Se o exemplo é ridículo, é porque é ridículo o pedido do Requerente.
É óbvio que o requerimento de suprimir todos os estilos de “a” no pleito de 2006 é impossível no universo jurídico, o que tem como efeito o indeferimento do requerimento, devendo ser extinto o processo nesse sentido.
Ex positis, requer extinto o processo, por ser seu pedido impossível no universo jurídico, e por inexistir interesse no processo, pois inexiste desejo resistido.
Termos Em que,
Pede Deferimento,
Daniel Fábio Jacob Nogueira
OAB/AM 3136
A escorregada deles está no “estilizada ou não”.
Poutz, Genial! Pra ser sincero, só percebi que a petição não tinha a letra a qdo minha mulher atentou pro detalhe. Mas quero saber como ficou a ação?
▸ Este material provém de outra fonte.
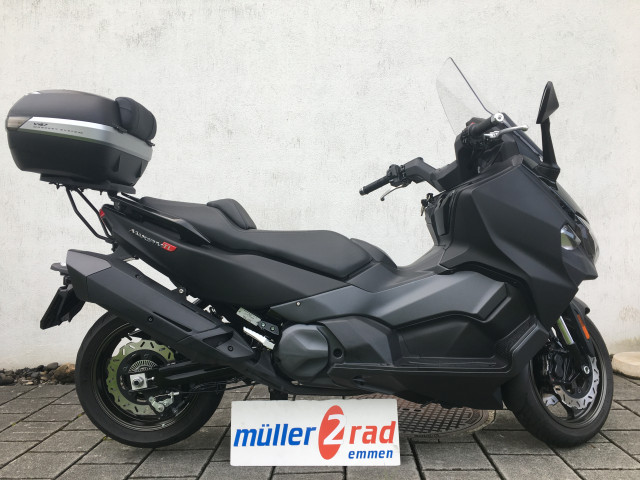 SYM Maxsym TL 500 Scooter Used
O resultado, quem ganhou?
Daniel,
Não encontrei a imagem do “A”.
Perguntei para os meus pais e eles disseram que o “A” é vermelho, azul e amarelo.
O teu pedido foi com a letra A marcada?
Miguel, confesso que não lembro exatamente qual o resultado final da ação. Não lembro se foi julgada improcedente ou extinta por perda superveniente de objeto. Qdo o TRE voltar de recesso, vou confirmar e te informo.
Caroline,
Obrigado pela correção. Vou arrumar a imagem do texto. Quanto à petição original, realmente foi protocolada com todas as letras “A” realçadas, tal como apresentada.